── Source records ──
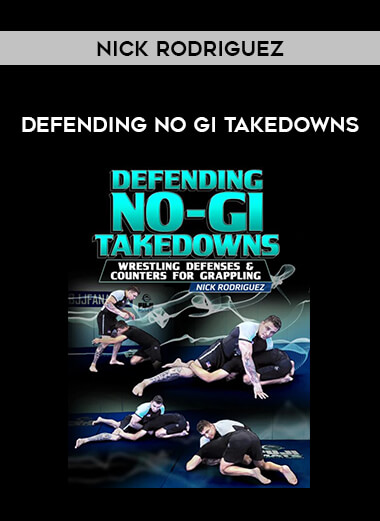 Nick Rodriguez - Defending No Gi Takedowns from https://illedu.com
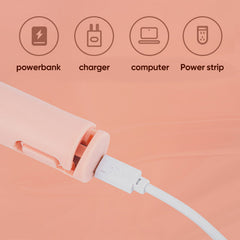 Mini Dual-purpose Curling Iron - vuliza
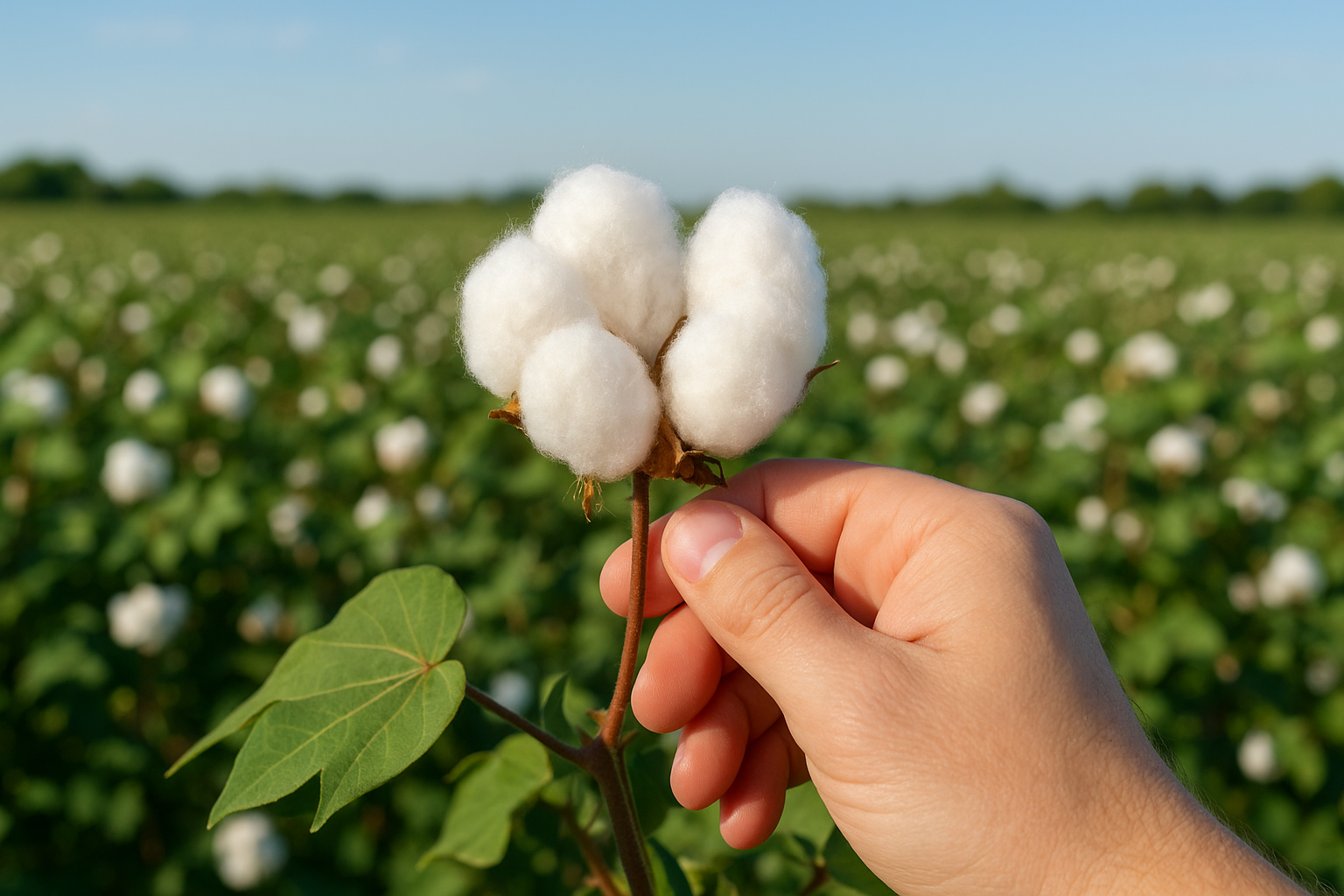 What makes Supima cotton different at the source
───
── Source records ──
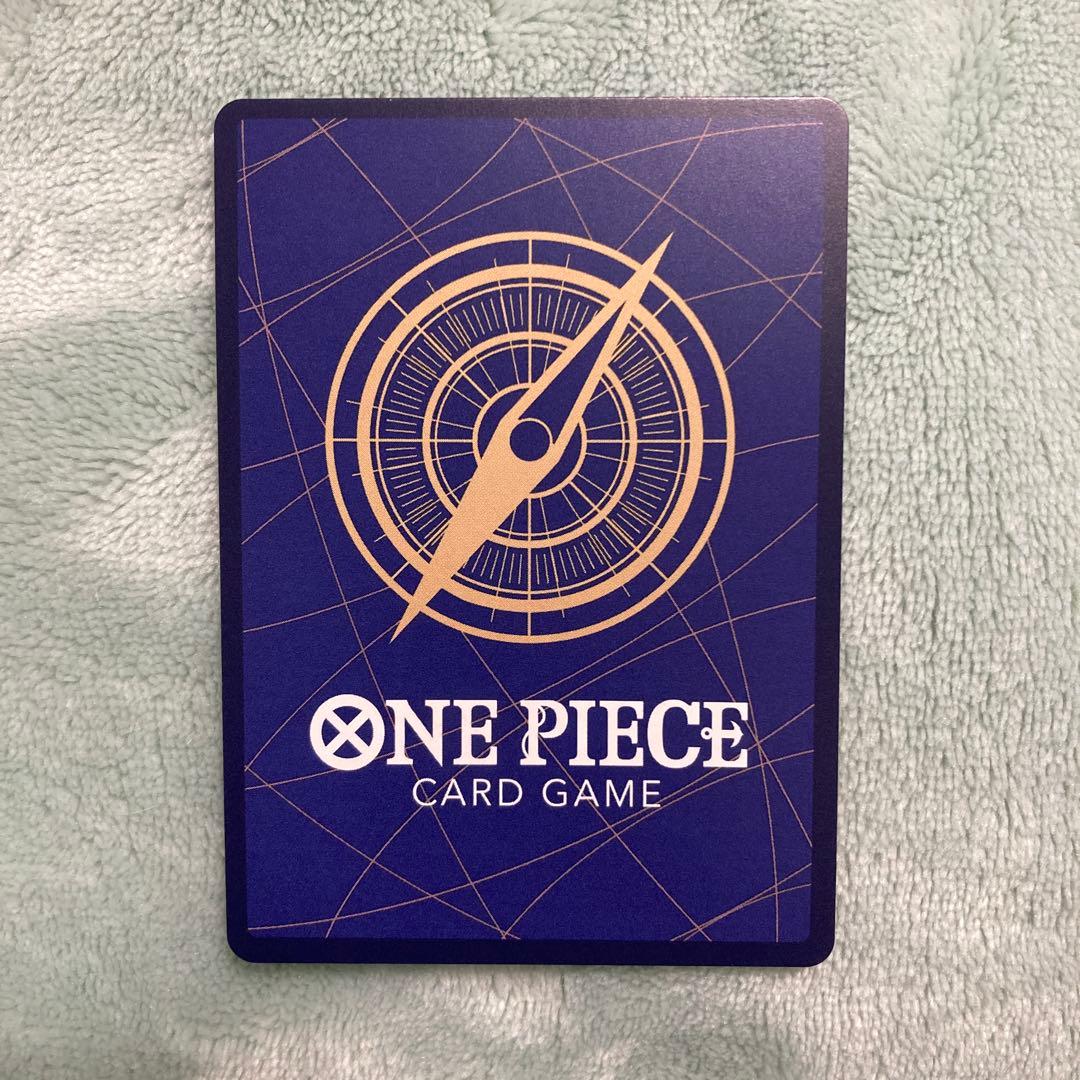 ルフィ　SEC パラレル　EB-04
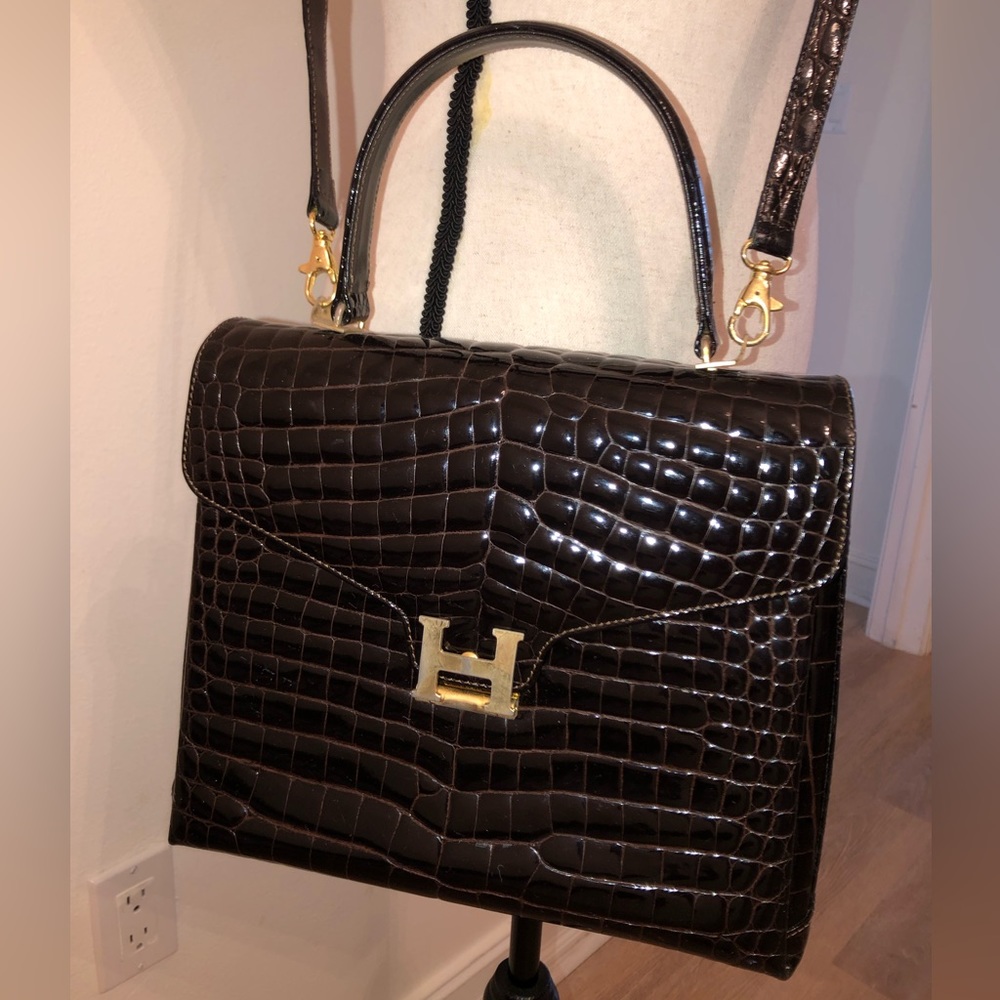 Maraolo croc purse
───
Using the listing above, restate exactly the range between the lines holding "Nick Rodriguez - Defending" and "What makes Supima", inclusive, with pictures left out.

 Nick Rodriguez - Defending No Gi Takedowns from https://illedu.com
 Mini Dual-purpose Curling Iron - vuliza
 What makes Supima cotton different at the source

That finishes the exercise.